Differentiated gameplay across classes would require a few things, IMO.
For one thing, no shared spellcasting lists. Imagine a game where Necromancers cast necromancy spells, that's it. Illusionists only created illusions. Maybe a generalist wizard in there, but casts much less efficiently due to spreading her focus.
Different spellcasting methods. Anyone else remember the Channeler, Defiler, and other options from the 2e S&P and S&M books? Something like that, but really differentiate them. Maybe Channelers lose HP to cast (there's a wizard in the Sentinels of the Multiverse game that works like that), maybe Defilers damage the area and characters around them to cast spells. Might create some neat in-game decisions...

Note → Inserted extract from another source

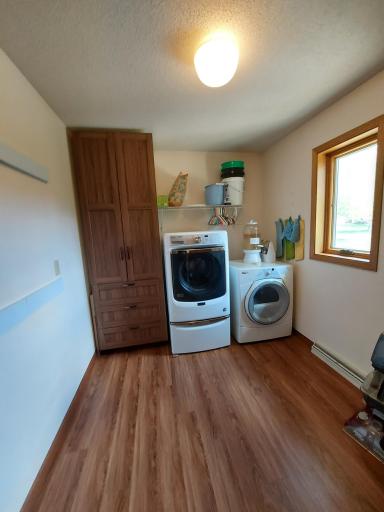 409 Sundown Drive, Avon, MN 56310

(As an aside, I know this isn't about caster supremacy, but early on the convo was about how reliable spells are; I agree, to the point where they feel more like science than magic. Robust systems like channeling and such would make them feel special again, IMO. If it's about supremacy in combat, what about re-introducing spell disruption?)
A set of maneuvers that for martial classes resemble the philosophy of video game mechanics. In "Injustice" my son rarely beats me, BUT...if he uses Martian Manhunter and manages to pull off one particularly difficult move, he can chain it to a bunch of follow-up moves that decimate me.
Imagine each martial getting a set of maneuvers like that, wherein if you pull off A (could be gated by a particular d20 roll), your next attack can be B (which gives bonus Z, a condition maybe), and if you get that, you can do C (which gives bonus Y, a heavier debuff?). Seems to me there could be a lot of unique designs in here, tailored to each class, making each one feel unique.
Spells that augment skills rather than replace them entirely. PF2 seems to have accomplished this, according to Campbell.
Just my first thoughts on the OP topic...there's some potentially really interesting ideas to be mined from this topic.